Ich bin vor allen Dingen Romanschriftsteller. Aber vor Beginn der Arbeit an meinem zwölften Roman wollte ich bewusst einmal etwas ganz anderes machen und ein Ereignis schildern, bei dem die Literatur, die Sprache und die Kunst eine untergeordnete Rolle spielen und die Sache ganz im Vordergrund stehen sollte. Damals ereignete sich die Ermordung der 21 koptischen Wanderarbeiter, die aus Ägypten nach Libyen gekommen waren. Überwiegend als Bauarbeiter, Anstreicher und Zimmerleute. Am Strand von Sirte wurden sie auf grausige Weise und im Rahmen einer gespenstischen Inszenierung durch den «Islamischen Staat» enthauptet. Das war in seiner Perfektion schon beinahe eine Art «Todesballett». Zunächst konnte man das auf YouTube genau verfolgen. Dann ist das Video wegen seiner Grausamkeit zensiert worden. Die schlimmsten Passagen wurden gelöscht.
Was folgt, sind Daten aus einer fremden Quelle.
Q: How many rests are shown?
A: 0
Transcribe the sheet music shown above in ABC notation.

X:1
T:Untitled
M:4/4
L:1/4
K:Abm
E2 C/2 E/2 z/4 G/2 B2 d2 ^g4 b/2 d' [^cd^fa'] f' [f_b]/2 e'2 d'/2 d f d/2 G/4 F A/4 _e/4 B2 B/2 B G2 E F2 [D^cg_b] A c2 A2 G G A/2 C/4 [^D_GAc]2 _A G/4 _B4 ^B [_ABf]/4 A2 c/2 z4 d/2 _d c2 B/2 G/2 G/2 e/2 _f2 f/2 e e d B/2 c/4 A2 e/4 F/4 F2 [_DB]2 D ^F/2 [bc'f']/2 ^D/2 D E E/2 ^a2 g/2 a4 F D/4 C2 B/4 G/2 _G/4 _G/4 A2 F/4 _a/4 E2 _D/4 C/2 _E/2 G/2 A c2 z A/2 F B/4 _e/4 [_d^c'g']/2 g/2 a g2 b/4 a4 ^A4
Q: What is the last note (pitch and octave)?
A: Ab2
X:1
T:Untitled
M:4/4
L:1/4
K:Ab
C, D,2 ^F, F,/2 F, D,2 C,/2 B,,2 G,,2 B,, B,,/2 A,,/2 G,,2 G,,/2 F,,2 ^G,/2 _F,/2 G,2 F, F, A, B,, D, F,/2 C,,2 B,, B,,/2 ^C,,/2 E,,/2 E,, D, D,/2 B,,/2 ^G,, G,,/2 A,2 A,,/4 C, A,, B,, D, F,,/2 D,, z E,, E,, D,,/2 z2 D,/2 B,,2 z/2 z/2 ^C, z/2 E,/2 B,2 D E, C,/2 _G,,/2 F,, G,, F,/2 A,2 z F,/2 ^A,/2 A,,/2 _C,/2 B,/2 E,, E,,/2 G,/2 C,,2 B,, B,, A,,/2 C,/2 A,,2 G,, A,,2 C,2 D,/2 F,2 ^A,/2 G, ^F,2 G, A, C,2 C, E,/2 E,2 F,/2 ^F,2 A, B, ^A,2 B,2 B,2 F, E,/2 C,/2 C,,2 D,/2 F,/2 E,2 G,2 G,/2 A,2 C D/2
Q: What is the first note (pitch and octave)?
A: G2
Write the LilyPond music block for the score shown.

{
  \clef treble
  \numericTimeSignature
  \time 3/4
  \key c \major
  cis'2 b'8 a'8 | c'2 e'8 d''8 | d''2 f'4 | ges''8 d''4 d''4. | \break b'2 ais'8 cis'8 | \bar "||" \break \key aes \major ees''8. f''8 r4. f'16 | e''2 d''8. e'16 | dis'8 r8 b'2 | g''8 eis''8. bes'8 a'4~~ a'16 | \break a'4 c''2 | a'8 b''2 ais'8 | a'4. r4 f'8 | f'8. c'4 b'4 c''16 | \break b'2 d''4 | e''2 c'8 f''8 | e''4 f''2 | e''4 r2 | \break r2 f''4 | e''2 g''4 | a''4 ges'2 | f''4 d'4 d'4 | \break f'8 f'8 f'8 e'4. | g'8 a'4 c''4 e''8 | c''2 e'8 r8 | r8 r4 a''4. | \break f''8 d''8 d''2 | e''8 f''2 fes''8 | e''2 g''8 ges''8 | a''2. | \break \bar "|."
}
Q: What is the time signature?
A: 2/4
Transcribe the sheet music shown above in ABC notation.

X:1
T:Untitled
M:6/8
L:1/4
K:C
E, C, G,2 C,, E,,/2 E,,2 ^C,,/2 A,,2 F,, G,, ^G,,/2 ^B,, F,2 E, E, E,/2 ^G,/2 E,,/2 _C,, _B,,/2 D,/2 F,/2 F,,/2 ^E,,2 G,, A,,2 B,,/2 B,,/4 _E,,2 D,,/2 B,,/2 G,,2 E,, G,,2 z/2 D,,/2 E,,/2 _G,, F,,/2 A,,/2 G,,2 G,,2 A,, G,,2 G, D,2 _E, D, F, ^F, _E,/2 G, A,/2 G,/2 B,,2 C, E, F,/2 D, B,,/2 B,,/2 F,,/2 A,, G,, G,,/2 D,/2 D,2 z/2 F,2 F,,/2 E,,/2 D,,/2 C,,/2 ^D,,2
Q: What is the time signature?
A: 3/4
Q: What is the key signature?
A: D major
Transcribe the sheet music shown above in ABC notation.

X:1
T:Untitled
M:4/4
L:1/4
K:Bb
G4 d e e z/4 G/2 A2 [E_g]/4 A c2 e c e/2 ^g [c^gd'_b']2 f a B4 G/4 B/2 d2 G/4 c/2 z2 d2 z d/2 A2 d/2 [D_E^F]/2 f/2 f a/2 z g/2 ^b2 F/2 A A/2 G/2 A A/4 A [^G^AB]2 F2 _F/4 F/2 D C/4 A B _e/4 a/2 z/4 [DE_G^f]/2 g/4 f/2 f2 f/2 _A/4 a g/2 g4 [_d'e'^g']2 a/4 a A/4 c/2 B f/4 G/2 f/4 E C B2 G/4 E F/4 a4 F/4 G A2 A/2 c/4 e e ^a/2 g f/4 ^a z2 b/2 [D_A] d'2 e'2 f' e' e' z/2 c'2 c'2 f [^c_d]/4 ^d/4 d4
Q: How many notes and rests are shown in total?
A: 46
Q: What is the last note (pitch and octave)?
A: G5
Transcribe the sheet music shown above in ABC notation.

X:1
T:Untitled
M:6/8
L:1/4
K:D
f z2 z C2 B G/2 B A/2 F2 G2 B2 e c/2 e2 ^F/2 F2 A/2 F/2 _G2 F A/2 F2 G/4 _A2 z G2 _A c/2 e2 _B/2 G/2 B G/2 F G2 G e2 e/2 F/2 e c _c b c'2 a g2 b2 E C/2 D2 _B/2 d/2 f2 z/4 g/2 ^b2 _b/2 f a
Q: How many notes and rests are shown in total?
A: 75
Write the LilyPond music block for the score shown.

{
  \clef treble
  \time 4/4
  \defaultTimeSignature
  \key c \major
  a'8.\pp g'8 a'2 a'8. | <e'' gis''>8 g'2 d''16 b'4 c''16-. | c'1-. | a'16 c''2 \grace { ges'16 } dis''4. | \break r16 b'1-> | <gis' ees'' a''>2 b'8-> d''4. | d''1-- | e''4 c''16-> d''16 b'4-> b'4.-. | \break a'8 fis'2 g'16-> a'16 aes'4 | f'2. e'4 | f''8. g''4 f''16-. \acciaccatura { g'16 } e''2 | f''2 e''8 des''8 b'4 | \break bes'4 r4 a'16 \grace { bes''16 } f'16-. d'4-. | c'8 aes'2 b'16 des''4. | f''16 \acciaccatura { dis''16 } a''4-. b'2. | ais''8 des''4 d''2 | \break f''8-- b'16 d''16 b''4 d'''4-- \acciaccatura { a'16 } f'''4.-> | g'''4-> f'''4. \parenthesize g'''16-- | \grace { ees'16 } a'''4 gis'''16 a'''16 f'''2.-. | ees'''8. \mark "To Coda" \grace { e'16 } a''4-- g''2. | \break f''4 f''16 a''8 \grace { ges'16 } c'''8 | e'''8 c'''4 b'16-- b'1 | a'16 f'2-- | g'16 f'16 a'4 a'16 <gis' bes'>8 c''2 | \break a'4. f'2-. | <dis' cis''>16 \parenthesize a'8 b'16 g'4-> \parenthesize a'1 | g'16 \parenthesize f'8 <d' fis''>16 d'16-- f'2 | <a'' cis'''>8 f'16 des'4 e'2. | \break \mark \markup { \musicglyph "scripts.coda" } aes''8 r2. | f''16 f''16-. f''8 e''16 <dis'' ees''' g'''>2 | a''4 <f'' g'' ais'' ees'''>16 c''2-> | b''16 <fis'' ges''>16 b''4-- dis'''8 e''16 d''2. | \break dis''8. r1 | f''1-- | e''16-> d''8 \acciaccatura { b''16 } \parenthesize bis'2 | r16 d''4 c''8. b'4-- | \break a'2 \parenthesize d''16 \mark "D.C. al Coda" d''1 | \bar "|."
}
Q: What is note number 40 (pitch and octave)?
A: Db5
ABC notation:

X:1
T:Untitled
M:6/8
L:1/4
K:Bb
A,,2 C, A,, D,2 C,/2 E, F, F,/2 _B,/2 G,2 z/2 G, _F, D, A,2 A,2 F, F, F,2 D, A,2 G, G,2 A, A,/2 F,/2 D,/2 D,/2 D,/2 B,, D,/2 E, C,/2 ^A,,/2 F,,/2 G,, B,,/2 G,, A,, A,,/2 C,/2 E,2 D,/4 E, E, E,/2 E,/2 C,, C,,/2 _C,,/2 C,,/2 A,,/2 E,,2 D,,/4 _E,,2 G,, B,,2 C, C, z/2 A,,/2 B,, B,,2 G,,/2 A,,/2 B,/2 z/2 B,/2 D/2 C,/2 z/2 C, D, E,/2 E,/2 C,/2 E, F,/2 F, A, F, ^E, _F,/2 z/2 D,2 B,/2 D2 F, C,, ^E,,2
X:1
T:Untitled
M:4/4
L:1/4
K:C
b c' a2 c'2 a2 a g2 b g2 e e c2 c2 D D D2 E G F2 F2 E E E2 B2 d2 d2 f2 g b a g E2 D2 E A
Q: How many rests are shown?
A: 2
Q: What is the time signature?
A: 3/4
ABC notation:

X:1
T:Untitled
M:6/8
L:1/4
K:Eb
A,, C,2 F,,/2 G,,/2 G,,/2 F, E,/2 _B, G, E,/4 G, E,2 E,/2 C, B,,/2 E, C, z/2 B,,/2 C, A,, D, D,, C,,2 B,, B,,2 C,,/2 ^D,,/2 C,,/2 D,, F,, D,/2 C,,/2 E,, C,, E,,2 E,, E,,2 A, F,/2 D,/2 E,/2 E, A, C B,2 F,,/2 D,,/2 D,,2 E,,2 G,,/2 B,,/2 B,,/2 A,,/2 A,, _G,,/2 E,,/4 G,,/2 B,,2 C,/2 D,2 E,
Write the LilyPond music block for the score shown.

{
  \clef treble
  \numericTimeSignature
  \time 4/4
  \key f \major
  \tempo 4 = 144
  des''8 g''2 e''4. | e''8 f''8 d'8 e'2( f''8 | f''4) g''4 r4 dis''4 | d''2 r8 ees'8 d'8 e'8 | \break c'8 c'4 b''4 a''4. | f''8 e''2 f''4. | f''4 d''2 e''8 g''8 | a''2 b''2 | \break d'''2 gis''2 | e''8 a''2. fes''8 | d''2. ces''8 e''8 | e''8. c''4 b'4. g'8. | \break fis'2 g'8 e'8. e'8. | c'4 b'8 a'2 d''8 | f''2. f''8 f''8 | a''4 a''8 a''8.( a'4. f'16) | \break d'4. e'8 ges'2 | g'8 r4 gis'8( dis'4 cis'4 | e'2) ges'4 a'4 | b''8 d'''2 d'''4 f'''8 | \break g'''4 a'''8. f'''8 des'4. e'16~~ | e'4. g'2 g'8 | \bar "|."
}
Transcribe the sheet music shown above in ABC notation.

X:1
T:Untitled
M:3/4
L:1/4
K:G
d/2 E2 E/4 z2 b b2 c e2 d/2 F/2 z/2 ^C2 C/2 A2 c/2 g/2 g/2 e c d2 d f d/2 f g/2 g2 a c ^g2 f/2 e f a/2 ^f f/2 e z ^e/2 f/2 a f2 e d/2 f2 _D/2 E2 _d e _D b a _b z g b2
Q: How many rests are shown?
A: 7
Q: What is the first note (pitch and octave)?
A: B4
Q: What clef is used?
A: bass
Aber in der Inszenierung der Mörder war eines nicht vorgesehen gewesen – der letzte Ruf der Getöteten: «Komm Herr Jesus.» Nachdem ich das Video gesehen hatte, dachte ich mir, man müsste diese Menschen aus der Anonymität herausholen – dass man von ihnen und ihrer Bereitschaft für ihren Glauben in den Tod zu gehen erzählen müsse.
Haben Sie die koptische Kirche schon vorher gekannt und hatten Sie irgendwelche Erwartungen davor?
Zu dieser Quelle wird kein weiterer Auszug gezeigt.